= ASIS International =

Professional organization

ASIS International, headquartered in Alexandria, Virginia, is a professional organization for security professionals. It issues certifications, standards, and guidelines for the security profession.

Founded in 1955 as the American Society for Industrial Security (ASIS), members were principally government and corporate security professionals. The term "industrial security" denotes U.S. Department of Defense contracts with U.S. industry for defense technology and materials. The organization officially changed its name in 2002 to ASIS International to reflect its international expansion, which currently includes 34,600 members in 155 countries and 240 local chapters in 89 countries worldwide, the Annual ASIS Fact Sheet contains additional information. The name "American Society for Industrial Security" no longer exists except in historical legal documents.
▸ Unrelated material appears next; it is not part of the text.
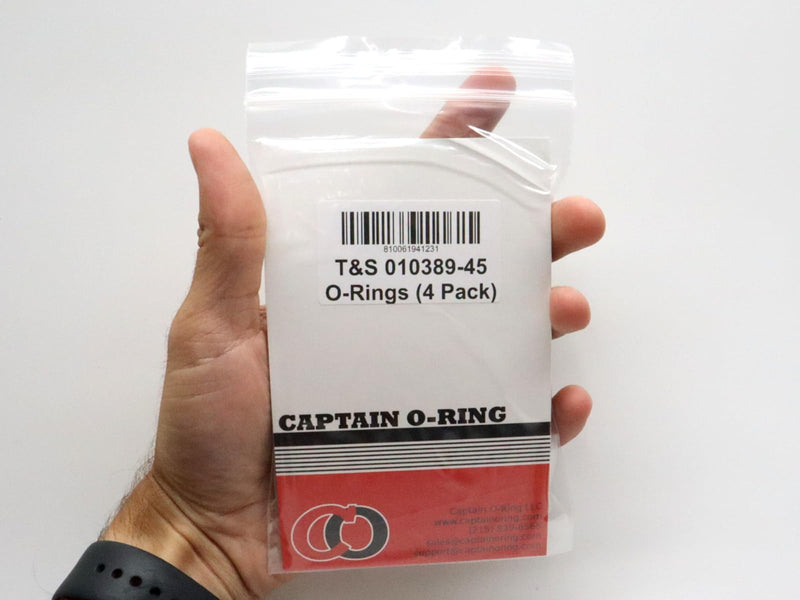 Captain O-Ring – Replacement Plunger O-Rings for 3-Tier Sink Drain, T&S Brass 010389-45 Twist Waste Drain Valve Rubber Stopper Oring (4 Pack)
As of 2018, the annual educational and networking event hosted by ASIS is referred to as the "Global Security Exchange (GSX). This event is centered on education sessions, networking opportunities and an exhibit hall showcasing over 450 security vendors.

The ASIS Foundation offers security professionals certification scholarships, practical research, member hardship grants, and more.

== Certification programs ==
ASIS administers four professional certification programs - "Certified Protection Professional" (CPP), "Professional Certified Investigator" (PCI), "Physical Security Professional" (PSP) and the "Associate Protection Professional" (APP) designation.